Keystone State Park is a  Pennsylvania state park in Derry Township, Westmoreland County, Pennsylvania in the United States. Located off U.S. Route 22 near New Alexandria, the park opened in 1945. Its main attraction is the man-made  Keystone Lake.  The park also has extensive picnic areas and several miles of hiking trails.

History 
Keystone Coal and Coke Company constructed Keystone Lake in the early 1900s for use in washing coal extracted from a nearby coal mine known as Salem #1 and quenching its coke ovens. A second mine, Salem #2, was in operation by the 1910s. Both mines had ceased operations by 1945. Abandoned mine tunnels lie beneath Hillside Campground and the cabin area. A mine entrance, now sealed, is located east of Pavilion #2 and north of the cabin entrance road.

Recreation 
Keystone State Park is open to camping and also has several cabins that are available to rent year round.

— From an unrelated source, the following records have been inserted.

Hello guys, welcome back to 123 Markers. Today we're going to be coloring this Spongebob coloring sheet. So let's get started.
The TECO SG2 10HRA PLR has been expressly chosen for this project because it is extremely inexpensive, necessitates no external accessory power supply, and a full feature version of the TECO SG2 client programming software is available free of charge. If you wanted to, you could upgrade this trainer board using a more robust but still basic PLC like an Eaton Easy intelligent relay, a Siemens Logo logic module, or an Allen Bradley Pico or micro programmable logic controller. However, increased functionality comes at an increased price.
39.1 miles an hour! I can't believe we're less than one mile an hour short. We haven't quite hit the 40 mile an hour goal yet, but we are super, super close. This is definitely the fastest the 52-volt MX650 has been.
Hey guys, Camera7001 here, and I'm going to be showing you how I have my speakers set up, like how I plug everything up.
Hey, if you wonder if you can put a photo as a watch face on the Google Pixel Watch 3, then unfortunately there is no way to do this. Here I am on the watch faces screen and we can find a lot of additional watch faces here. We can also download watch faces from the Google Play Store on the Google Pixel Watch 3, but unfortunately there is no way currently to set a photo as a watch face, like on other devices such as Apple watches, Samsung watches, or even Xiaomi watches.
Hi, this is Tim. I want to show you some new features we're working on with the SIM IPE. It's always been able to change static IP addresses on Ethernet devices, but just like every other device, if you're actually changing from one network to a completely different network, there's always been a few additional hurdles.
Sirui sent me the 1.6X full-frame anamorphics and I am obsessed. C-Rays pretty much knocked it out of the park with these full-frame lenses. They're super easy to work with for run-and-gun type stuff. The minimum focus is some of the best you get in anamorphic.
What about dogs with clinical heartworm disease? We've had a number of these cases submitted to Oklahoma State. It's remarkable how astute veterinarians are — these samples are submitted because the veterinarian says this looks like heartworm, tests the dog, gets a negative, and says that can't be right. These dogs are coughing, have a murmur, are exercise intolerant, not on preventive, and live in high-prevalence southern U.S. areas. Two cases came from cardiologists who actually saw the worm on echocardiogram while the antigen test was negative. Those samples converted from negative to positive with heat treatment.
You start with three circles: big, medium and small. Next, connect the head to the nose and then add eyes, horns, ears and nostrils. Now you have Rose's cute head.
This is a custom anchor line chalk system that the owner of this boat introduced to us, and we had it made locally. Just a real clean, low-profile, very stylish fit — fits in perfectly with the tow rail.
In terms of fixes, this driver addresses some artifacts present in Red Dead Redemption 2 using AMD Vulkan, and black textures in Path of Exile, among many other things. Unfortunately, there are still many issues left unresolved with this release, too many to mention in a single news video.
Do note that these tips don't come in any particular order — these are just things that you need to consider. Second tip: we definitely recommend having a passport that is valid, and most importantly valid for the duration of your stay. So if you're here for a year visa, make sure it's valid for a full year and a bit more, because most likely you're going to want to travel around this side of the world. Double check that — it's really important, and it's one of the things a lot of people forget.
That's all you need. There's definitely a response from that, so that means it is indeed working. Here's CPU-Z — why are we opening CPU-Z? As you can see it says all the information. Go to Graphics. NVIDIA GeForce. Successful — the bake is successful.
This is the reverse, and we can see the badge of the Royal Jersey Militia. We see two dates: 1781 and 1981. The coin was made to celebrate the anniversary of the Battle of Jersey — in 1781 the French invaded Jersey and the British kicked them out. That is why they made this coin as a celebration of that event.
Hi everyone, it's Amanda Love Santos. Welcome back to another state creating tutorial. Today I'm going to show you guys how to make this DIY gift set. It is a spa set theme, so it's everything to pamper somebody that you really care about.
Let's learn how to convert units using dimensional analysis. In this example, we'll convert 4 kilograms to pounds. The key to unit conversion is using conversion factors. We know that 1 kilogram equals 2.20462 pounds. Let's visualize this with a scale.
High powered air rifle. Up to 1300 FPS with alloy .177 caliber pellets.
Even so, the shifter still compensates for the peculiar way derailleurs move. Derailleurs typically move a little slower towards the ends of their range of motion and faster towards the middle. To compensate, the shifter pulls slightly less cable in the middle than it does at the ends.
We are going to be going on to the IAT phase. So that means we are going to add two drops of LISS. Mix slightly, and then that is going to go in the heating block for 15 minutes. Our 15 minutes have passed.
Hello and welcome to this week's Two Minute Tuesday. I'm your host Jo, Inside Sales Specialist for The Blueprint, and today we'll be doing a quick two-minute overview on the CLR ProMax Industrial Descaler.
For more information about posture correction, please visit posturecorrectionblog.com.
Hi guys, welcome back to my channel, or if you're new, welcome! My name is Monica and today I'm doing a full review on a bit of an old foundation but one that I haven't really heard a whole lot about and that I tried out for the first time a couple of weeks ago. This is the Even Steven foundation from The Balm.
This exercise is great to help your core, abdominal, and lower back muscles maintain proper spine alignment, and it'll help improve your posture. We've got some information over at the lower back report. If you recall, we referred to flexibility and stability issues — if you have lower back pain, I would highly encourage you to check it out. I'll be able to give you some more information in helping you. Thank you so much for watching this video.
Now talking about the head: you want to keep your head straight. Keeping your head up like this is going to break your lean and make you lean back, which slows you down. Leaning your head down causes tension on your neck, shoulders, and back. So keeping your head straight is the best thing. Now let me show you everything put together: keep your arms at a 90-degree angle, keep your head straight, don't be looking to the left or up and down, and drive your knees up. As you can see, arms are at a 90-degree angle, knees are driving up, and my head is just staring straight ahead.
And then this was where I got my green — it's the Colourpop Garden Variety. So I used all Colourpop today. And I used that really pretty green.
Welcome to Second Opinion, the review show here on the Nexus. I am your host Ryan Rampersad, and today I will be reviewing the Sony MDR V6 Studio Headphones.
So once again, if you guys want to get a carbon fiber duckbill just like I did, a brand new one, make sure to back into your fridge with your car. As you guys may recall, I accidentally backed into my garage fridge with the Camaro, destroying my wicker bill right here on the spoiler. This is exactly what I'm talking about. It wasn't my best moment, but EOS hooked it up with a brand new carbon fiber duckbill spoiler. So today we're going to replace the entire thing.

Keystone State Park has two campgrounds. Lakeside campground is on the shores of Keystone Lake. It has 40 campsites for tents or campers. Hillside campground is in a more remote part of the park. It has 60 campsites, also for tents or campers. Each campground has some sites with an electric hook-up, a modern bathhouse and a sanitary dump station.

The cabins at Keystone State Park are modern. The 11 cabins are located near the dam and between the campgrounds. Each cabin can sleep up to six guests in two bedrooms. The cabins are equipped with a modern bathroom, a kitchen with a stove, microwave and refrigerator. The yard areas have picnic tables, grills and fire rings.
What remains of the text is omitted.